3-4 Mayıs tarihlerinde Avrupa Parlamentosu ve Avrupa Komisyonu tarafından Brüksel’de düzenlenen “Türkiye’de medya ve ifade özgürlüğü” konferansının ardından Sınır Tanımayan Gazeteciler (RSF) Türkiye Temsilcisi Erol Önderoğlu ve gazeteci İrfan Aktan konferansı değerlendirdi.
OHAL sonrası Avrupa Parlamentosu’nda Türkiye’yle ilgili çok sayıda gündem oluşturulduğunu, Avrupa Komisyonu’nun ise bu süreçte "geriden geldiğini" belirten Erol Önderoğlu, “Nihayet Avrupa Parlamentosu ile Avrupa Komisyonu’nu bir arada görme fırsatı bulduk. Ağır baskıların sürdüğü bir dönemde bu gündemin Avrupa siyasetinde yerini koruması bizim açımızdan olumluydu” dedi.
“Son iki yıl içinde 200’den fazla gazeteci tutuklandı. Bazıları tahliye edildi. Halen onlarcası tutuklu yargılanıyor. Avrupa’nın ciddi bir ses vermediği bu süreçte sadece son dört ay içinde 62 gazeteci çeşitli cezalara çarptırıldı. Bu gazetecilerin bir kısmına ağır hapis cezaları verildi. Türkiye’de hak arama yollarının kapalı olduğu bir ortamda Avrupa Birliği reform sürecinin samimi bir biçimde gündeme alınmasını hâlâ önemsiyoruz.”
“AİHM kararları adaleti geciktirecek ölçüde geç geliyorsa, bu siyasidir”
Konferansta Avrupa Güvenlik ve İşbirliği Teşkilatı (AGİT) medya özgürlüğü birimi ve AB Genişlemeden Sorumlu Komiserliği’nden yetkililer, Avrupa Komisyonu birimlerinin temsilcileri ve Avrupa Parlamentosu’nda Türkiye’deki insan hakkı ihlallerinin gündeme getirilmesinde rol oynayan parlamenterler olduğunu belirten Önderoğlu, Avrupa İnsan Hakları Mahkemesi’nin (AİHM) Türkiye’ile ilgili "pasif tutumu"nun sık sık gündeme getirildiğini söyledi:
“AB-Türkiye ilişkilerine stratejik ve güvenlik ekseninden bakılması nedeniyle, özgürlükler konusunda ciddi inisiyatif alınmaması tavrının ve pasif tutumun AİHM’e de sirayet ettiğini belirttim. AİHM’de karar süreci zamanlama açısından manidarsa, kararlar adaleti geciktirecek ölçüde geç geliyorsa, bunun siyasi bir tutum olduğunu söyledim. Hak savunucularına vize verilmemesinin de antidemokratik bir uygulama olduğunu vurguladım.”

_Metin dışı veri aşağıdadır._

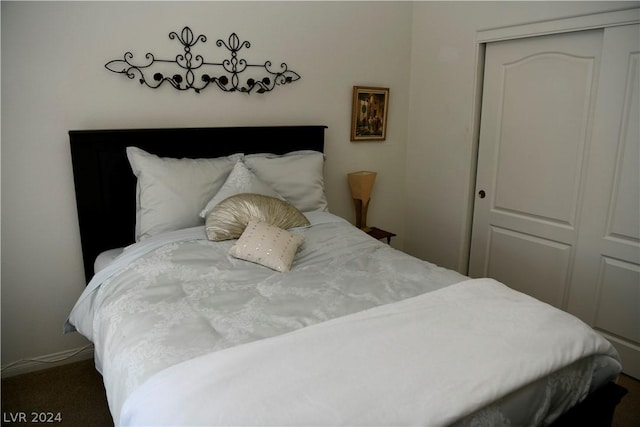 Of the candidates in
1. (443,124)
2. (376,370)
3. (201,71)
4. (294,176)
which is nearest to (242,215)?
(294,176)

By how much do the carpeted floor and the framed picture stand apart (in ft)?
7.40

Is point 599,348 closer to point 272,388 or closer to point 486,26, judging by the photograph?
point 272,388

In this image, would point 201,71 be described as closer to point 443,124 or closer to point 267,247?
point 267,247

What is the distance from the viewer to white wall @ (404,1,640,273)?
3.08m

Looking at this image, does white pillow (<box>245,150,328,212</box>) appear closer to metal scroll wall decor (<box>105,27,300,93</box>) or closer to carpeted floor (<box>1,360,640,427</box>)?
metal scroll wall decor (<box>105,27,300,93</box>)

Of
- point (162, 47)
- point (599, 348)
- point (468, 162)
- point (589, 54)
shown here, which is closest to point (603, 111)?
point (589, 54)

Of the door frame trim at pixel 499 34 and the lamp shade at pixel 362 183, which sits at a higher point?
the door frame trim at pixel 499 34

Önderoğlu, “Türkiye’deki durumu yaşayanların orada aktardığı bilgilerin konferansta yankı bulduğu kanısındayım. Ama AB-Türkiye ilişkilerinde, stratejik çıkarlar ne olursa olsun, ifade özgürlüğünü kökten iyileştirecek yeni bir sürece girilmesi gerektiğini düşünüyorum” dedi.
Aktan: “AİHM konusunda yer yer özeleştiri yapıldı, yer yer de gerekçelendirme”
Gazeteci İrfan Aktan ise konferansta AİHM’in gündeme gelmesine ilişkin, “AİHM’in yeni politikası ya da işleyişi çokça tartışıldı. Bu konuda Avrupalı yetkililerin yer yer özeleştiri yaptıklarına tanık olduk, yer yer de Türkiye’yle ilişkileri çerçevesinde gerekçelendirmeye çalışmalarını gördük” dedi.
“Türkiye’deki uygulamaların göz yumucusu ve sorumlusu olduklarını ifade ettik”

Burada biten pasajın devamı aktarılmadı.